TASK ITEM
The required answer is an exact copy of the records below, without pictures.
Segment Start: GIVEN ENTRIES
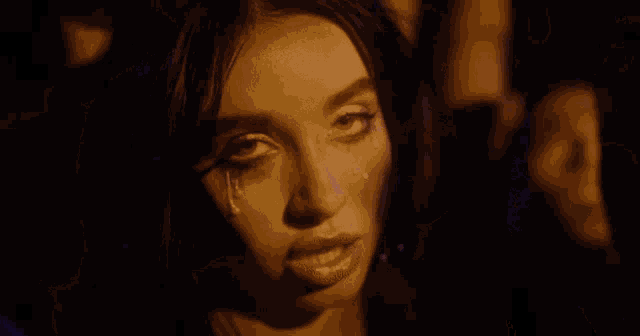 a woman with tears running down her face is surrounded by people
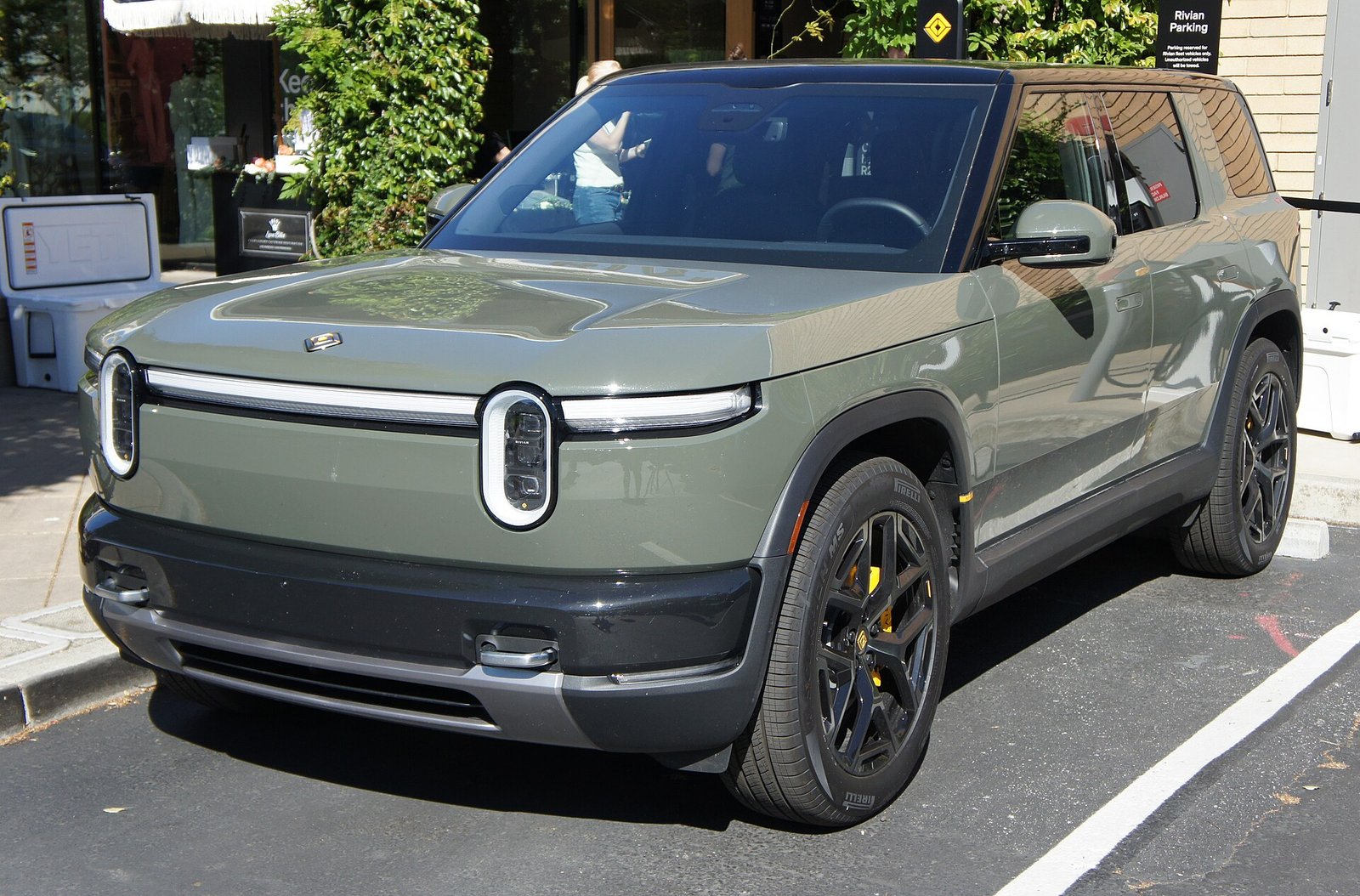 A sage green Rivian R2 electric SUV with oval headlights and a light bar, parked on a street.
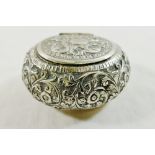 An Indian silver coloured metal oval snuff box, with embossed decoration and hinged lid, 3.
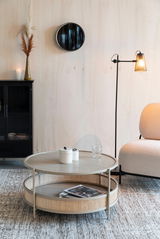 Runder Couchtisch mit zwei Ebenen, aus hellem Holz und Rattan, in einem modernen Wohnzimmer mit seitlicher Perspektive.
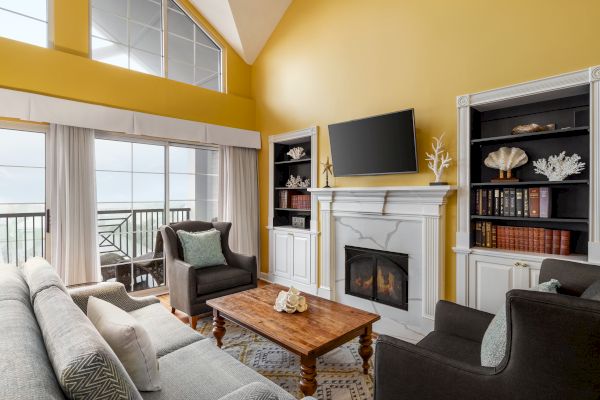 A cozy living room with yellow walls, gray sofas, a wooden table, fireplace, and large TV, featuring a high ceiling and tall windows.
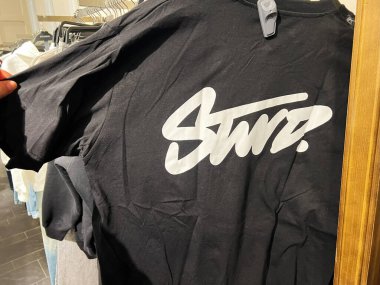 Lviv, Ukrayna - 16 Şubat 2025: Bir perakende askısında STWD logosu sergilenen şık siyah bir tişörtün yakın çekimi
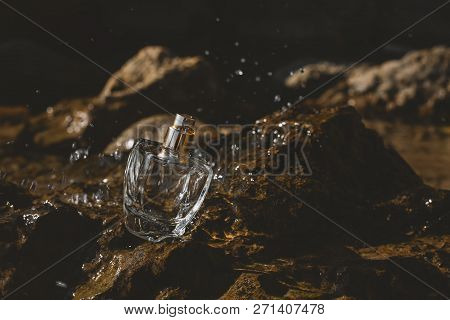 Perfume On The Stone With Splashes Of Water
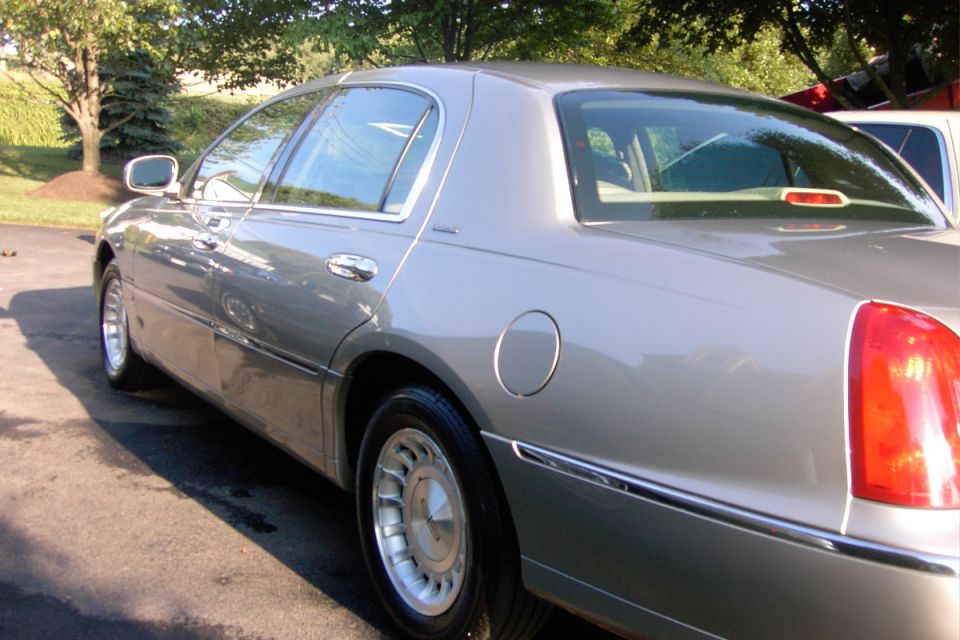 Silver full-size sedan, rear three-quarter view, parked outdoors near trees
Segment End: GIVEN ENTRIES
SOLUTION FOR THIS EXERCISE
 a woman with tears running down her face is surrounded by people
 A sage green Rivian R2 electric SUV with oval headlights and a light bar, parked on a street.
 An Indian silver coloured metal oval snuff box, with embossed decoration and hinged lid, 3.
 Runder Couchtisch mit zwei Ebenen, aus hellem Holz und Rattan, in einem modernen Wohnzimmer mit seitlicher Perspektive.
 A cozy living room with yellow walls, gray sofas, a wooden table, fireplace, and large TV, featuring a high ceiling and tall windows.
 Lviv, Ukrayna - 16 Şubat 2025: Bir perakende askısında STWD logosu sergilenen şık siyah bir tişörtün yakın çekimi
 Perfume On The Stone With Splashes Of Water
 Silver full-size sedan, rear three-quarter view, parked outdoors near trees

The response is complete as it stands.